(Bloomberg) - Companies that pay rich dividends have been stock-market laggards this year as investors piled into growth-oriented tech giants — but that’s about to change, according to Goldman Sachs.
The bank’s options strategists, including John Marshall, recommend investors buy calls on select high-yielding dividend payers as potential “catch-up trades.”
The recommendation comes as the iShares Select Dividend ETF (DVY), which includes companies like Oneok Inc. and Walgreens Boots Alliance Inc., is down 8.5% this year, compared with a 7.2% advance in the S&P 500 Index, not to mention the 24% surge in the tech-heavy Nasdaq 100 Index.
“High dividend paying stocks (DVY) have underperformed their normal relationship with macro assets by 33% since Jan. 18 and by 16% since the start of 2023,” the strategists wrote in a note Wednesday. “This is despite no significant outflows from dividend ETFs.”

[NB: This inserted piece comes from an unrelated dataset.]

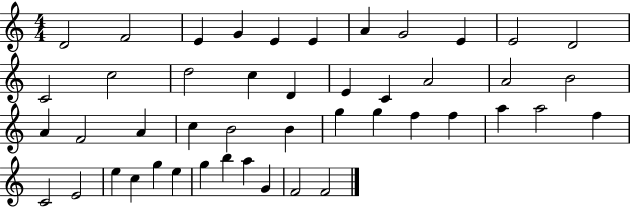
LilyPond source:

DVY has been hit particularly hard by its heavy weighting toward two of the market’s worst-performing sectors, utilities and financials. The turmoil in US regional banks drove down some DVY holdings — including First Horizon Corp. and KeyCorp. — by more than 40% this year.
The selloff in financial stocks and utilities “does not fully explain the weakness of high dividend stocks,” Goldman analysts said. Options suggest “positioning is bearish on the average DVY stock as evidenced by high one-month normalized put-call skew relative to the past year.”
The strategists recommend making tactical purchases of calls on underperforming stocks where free cash flow yield is above dividend yield.
In particular, they highlighted Verizon Communications Inc., Philip Morris International Inc. and International Business Machines Corp., all of which are outside the financial and utilities space and have declined between 8% and 11% so far this year.
Options trading in all three of those recommended calls was low on Wednesday.